● Assignment: Beginning with the line where "Flesh Pink Solid" appears, repeat every remaining line of the entries exactly, the last line included.

########################################

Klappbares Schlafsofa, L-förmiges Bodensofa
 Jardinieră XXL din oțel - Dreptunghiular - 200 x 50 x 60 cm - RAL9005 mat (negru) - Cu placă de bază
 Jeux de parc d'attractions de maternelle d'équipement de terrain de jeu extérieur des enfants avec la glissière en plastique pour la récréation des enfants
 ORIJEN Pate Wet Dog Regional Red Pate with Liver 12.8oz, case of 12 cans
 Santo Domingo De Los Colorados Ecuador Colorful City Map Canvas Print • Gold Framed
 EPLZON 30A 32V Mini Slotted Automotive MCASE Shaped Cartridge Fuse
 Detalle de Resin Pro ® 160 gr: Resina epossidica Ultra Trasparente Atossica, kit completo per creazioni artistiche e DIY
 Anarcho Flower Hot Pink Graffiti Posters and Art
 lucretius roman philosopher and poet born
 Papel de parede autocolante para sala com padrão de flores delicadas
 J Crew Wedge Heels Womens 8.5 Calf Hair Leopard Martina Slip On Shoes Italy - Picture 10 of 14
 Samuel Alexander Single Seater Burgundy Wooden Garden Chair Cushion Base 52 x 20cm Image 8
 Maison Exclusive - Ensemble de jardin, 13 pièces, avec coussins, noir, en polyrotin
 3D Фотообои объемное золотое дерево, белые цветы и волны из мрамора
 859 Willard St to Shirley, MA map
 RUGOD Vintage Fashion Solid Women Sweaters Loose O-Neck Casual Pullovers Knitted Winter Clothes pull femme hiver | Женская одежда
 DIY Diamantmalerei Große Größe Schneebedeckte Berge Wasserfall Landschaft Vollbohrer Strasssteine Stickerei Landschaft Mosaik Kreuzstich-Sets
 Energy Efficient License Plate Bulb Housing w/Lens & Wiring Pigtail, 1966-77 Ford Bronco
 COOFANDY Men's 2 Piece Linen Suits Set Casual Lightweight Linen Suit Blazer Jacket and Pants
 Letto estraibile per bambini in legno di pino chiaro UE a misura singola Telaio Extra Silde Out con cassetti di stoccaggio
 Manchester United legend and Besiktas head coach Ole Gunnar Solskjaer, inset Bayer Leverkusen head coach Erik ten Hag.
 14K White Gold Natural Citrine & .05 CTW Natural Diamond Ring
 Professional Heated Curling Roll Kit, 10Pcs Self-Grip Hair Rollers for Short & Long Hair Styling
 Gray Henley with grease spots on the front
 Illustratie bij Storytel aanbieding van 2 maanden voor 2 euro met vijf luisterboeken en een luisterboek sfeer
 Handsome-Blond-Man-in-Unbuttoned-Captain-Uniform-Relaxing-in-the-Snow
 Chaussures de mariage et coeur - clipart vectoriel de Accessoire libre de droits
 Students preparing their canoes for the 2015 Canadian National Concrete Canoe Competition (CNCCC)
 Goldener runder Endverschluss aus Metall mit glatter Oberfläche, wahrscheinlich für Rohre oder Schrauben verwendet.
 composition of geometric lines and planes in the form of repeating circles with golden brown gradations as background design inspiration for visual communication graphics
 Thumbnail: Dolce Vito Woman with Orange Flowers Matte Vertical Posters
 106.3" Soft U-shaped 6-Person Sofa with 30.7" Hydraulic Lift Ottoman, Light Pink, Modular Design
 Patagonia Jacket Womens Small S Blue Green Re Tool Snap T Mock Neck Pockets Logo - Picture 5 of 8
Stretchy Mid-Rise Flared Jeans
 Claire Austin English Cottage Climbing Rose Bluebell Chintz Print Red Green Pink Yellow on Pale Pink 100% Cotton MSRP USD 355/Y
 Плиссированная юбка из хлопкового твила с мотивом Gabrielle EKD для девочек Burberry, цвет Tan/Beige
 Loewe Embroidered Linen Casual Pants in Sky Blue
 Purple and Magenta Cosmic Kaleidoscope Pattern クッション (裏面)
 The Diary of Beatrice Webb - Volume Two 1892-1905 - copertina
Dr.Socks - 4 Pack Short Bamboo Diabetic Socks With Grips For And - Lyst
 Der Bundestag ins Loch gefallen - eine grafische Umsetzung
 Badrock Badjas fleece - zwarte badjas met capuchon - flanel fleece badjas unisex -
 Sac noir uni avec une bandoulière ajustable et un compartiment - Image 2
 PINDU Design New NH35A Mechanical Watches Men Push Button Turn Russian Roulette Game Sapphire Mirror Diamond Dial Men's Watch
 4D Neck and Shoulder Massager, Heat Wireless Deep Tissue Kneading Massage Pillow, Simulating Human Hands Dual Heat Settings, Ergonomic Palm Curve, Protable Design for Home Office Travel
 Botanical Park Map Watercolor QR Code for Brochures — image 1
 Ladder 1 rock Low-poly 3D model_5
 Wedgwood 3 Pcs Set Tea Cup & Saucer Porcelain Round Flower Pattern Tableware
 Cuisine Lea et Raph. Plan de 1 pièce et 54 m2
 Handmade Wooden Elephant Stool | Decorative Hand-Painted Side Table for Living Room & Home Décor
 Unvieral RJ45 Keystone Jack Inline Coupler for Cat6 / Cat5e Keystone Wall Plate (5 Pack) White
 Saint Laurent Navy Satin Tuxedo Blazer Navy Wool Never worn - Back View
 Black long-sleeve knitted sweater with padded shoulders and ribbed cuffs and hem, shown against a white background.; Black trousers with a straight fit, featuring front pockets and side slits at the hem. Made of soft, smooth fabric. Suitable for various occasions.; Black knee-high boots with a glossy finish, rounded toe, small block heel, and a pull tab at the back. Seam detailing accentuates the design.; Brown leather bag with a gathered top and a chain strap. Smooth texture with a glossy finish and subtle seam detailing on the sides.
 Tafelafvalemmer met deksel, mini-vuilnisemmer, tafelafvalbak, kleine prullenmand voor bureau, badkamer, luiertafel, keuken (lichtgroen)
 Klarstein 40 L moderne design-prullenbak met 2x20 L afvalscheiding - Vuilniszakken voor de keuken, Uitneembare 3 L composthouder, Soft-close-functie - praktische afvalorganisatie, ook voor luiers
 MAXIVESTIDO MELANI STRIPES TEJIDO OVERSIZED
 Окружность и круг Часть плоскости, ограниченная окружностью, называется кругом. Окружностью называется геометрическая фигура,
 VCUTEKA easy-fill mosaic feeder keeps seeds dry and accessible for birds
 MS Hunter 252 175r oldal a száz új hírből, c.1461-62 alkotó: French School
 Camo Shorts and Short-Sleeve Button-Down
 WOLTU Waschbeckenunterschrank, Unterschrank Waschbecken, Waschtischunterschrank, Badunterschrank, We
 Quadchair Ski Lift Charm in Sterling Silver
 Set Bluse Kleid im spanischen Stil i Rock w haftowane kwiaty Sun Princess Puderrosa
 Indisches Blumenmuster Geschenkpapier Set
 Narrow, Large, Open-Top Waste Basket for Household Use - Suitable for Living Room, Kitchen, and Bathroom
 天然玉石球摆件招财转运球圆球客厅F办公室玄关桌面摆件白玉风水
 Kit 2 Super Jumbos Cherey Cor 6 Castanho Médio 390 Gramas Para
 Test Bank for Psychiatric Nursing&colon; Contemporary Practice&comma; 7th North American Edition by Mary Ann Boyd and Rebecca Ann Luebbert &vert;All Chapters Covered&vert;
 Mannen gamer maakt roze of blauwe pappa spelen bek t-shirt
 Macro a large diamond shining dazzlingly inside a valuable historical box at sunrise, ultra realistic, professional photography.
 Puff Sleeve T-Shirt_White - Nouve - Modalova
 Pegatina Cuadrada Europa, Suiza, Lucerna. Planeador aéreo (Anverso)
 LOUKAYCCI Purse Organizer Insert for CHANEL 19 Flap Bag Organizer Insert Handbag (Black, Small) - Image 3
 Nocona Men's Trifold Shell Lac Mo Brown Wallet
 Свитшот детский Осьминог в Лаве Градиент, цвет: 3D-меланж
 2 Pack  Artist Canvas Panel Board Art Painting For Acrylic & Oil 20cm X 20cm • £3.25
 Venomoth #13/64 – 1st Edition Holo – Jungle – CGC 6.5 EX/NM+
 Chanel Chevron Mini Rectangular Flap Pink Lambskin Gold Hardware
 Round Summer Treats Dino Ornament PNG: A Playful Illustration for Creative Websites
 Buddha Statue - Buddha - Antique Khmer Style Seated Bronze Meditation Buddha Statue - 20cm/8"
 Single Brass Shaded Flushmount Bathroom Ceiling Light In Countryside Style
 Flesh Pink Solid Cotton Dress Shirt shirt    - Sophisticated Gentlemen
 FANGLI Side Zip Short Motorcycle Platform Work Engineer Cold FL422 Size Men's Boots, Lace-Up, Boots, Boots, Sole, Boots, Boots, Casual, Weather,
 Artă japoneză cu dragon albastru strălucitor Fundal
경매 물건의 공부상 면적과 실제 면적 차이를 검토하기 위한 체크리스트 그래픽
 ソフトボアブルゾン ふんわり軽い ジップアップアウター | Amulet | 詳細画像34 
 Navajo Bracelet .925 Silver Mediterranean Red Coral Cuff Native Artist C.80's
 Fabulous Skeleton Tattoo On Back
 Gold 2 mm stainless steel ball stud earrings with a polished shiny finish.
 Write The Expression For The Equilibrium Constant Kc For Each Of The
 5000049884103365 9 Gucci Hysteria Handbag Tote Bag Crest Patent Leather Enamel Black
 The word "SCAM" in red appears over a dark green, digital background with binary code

########################################

● Output below:
 Flesh Pink Solid Cotton Dress Shirt shirt    - Sophisticated Gentlemen
 FANGLI Side Zip Short Motorcycle Platform Work Engineer Cold FL422 Size Men's Boots, Lace-Up, Boots, Boots, Sole, Boots, Boots, Casual, Weather,
 Artă japoneză cu dragon albastru strălucitor Fundal
경매 물건의 공부상 면적과 실제 면적 차이를 검토하기 위한 체크리스트 그래픽
 ソフトボアブルゾン ふんわり軽い ジップアップアウター | Amulet | 詳細画像34 
 Navajo Bracelet .925 Silver Mediterranean Red Coral Cuff Native Artist C.80's
 Fabulous Skeleton Tattoo On Back
 Gold 2 mm stainless steel ball stud earrings with a polished shiny finish.
 Write The Expression For The Equilibrium Constant Kc For Each Of The
 5000049884103365 9 Gucci Hysteria Handbag Tote Bag Crest Patent Leather Enamel Black
 The word "SCAM" in red appears over a dark green, digital background with binary code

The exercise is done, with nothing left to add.